Hi everyone, I am new to rasa and I have faced the following issue when “Starting to train component DIETClassifier” in the pipeline building process with the given configuration:

tensorflow.python.framework.errors_impl.InvalidArgumentError: All dimensions except 2 must match. Input 1 has shape [64 8 768] and doesn’t match input 0 with shape [64 11 128].

The configuration is:

language: zh

pipeline:

  • name: JiebaTokenizer dictionary_path: ./jieba_userdict
  • name: LanguageModelFeaturizer model_name: bert model_weights: bert-base-chinese cache_dir: null
  • name: RegexFeaturizer
  • name: DIETClassifier
  • name: EntitySynonymMapper
  • name: ResponseSelector epochs: 100

I have tried a “language: en” model with LanguageModelFeaturizer, and it runs perfectly. Is it mean the LanguageModelFeaturizer doesn’t support “language: zh”?

Thanks a lot!

Jasper

1 Like

Hi Jasper,

Strange, that shouln’t happen. I’m wondering what is happening here.

Just to confirm, if you remove the LanguageModelFeaturizer component, does the error persist? I’m wondering if there’s a mismatch between the tokeniser and the language model.

Could you confirm the Rasa version here? Also the huggingface version?

rasa --version
pip freeze | grep huggingface

Related, I just merged a PR for spaCy. Soon, you should also be able to get pre-trained language models for chinese via spaCy tooling as well.

2 Likes

Yes, no error is raised after remove the LanguageModelFeaturizer component and the training is completed smoothly.

For the rasa --version, I have got:

> Rasa SDK Version : 2.4.0
> Rasa X Version   : None
> Python Version   : 3.8.2

and for pip freeze | grep huggingface, I cannot find the package but I have got transformers in pip: transformers==4.2.2

Happy to know the update for spaCy! I tried it before and I was quite sad when it told me SpacyNLP did not support Chinese currently.

Thanks a lot!

Strange.

One thing to perhaps try out, could you try using these settings?

pipeline:
  - name: LanguageModelFeaturizer
    # Name of the language model to use
    model_name: "bert"
    # Pre-Trained weights to be loaded
    model_weights: "rasa/LaBSE"

I’m mentioning this model because it is explicitly mentioned in our docs and the LaBSE model is trained for the multi-language base. One of the languages it was trained on is Chinese, so this might be an alternative to try.

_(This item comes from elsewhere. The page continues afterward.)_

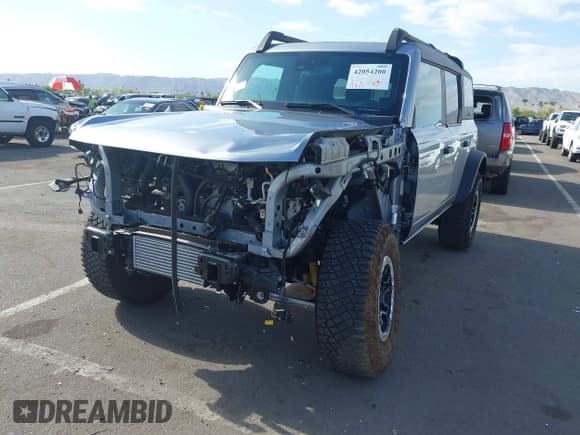 ✅ 2023 Ford Bronco • VIN: 1FMEE5DHXPLB80726 • Lot: 42054200. Wystawiony na IAAI z przebiegiem 12 921 mil. Bezpłatny archiwum sprzedaży aukcyjnych z USA i szczegółowy raport historii pojazdu na DreamBid. Zdjęcie 6.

Sorry for the late reply and I have tried your setting with LaBSE finally, but it gave me the same issue as the BERT model when training the component of DIETClassifier:

tensorflow.python.framework.errors_impl.InvalidArgumentError:  All dimensions except 2 must match. Input 1 has shape [64 13 768] and doesn't match input 0
 with shape [64 21 128].
         [[node gradient_tape/ConcatOffset_1 (defined at C:\Users\p768l\AppData\Roaming\Python\Python38\site-packages\rasa\utils\tensorflow\models.py:157)
 ]] [Op:__inference_train_function_54635]

Function call stack:
train_function

And for your information, I can train and run the pipeline with both BERT and LaBSE if I replace the DIETClassifier with SklearnIntentClassifier and CRFEntityExtractor.

Thanks a lot!

1 Like

Hi Wai Yin Li,

I’m now wondering if this is perhaps a bug that we should investigate. Is it possible for you to send me a minimum viable example of nlu.yml and config.yml that I might be able to run locally? If I can confirm the error I’ll gladly start a GitHub issue for it.

The error is originating from the concatenation of sequence features in DIET Classifier from two featurizers that differ in the number of tokens (batch size x tokens x embedding).

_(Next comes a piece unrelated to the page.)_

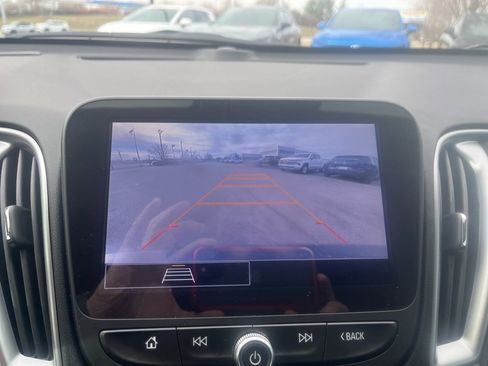 Used 2025 Chevrolet Malibu LT w/ Midnight Edition image 13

I am able to reproduce with a custom component that uses a tokenizer not in the NLU pipeline. There is likely a similar issue occurring between the Jieba Tokenizer and the tokenizer in the LanguageModelFeaturizer.

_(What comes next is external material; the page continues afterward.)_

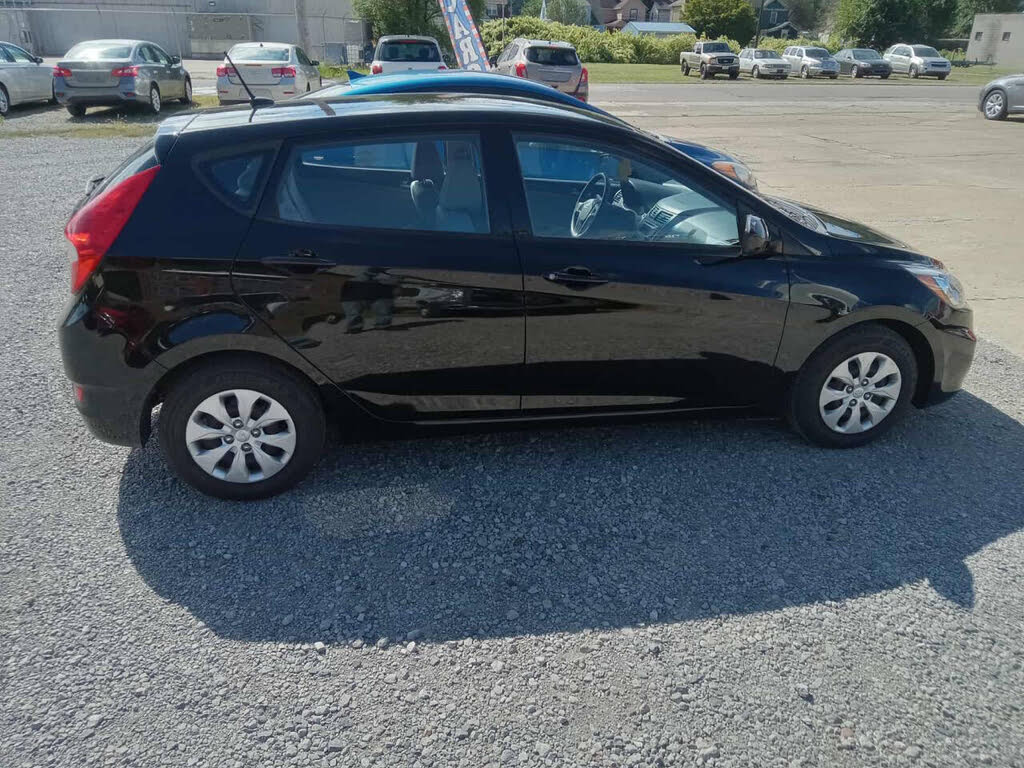 2015 Hyundai Accent GS 4-Door Hatchback FWD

@p768lwy3, did using the spacy tokenizer resolve this issue?

2 Likes

I also encountered this error. After a long time of modification, it was still useless, so I had to give up using Diet :pensive:

I encountered the same problem when testing with cross-validation. The curious thing was that some models worked others didn’t. After a long time investigating I found the problem in my nlu data. We use automated scripts that read our excel files with the nlu data and write them in rasa nlu format and also label our entities in the process. For some reason the scripts sometimes introduce a space between the words that is not a whitespace. You will only see it when your IDE is set to show the white-spaces. Maybe this helps when you are investigating.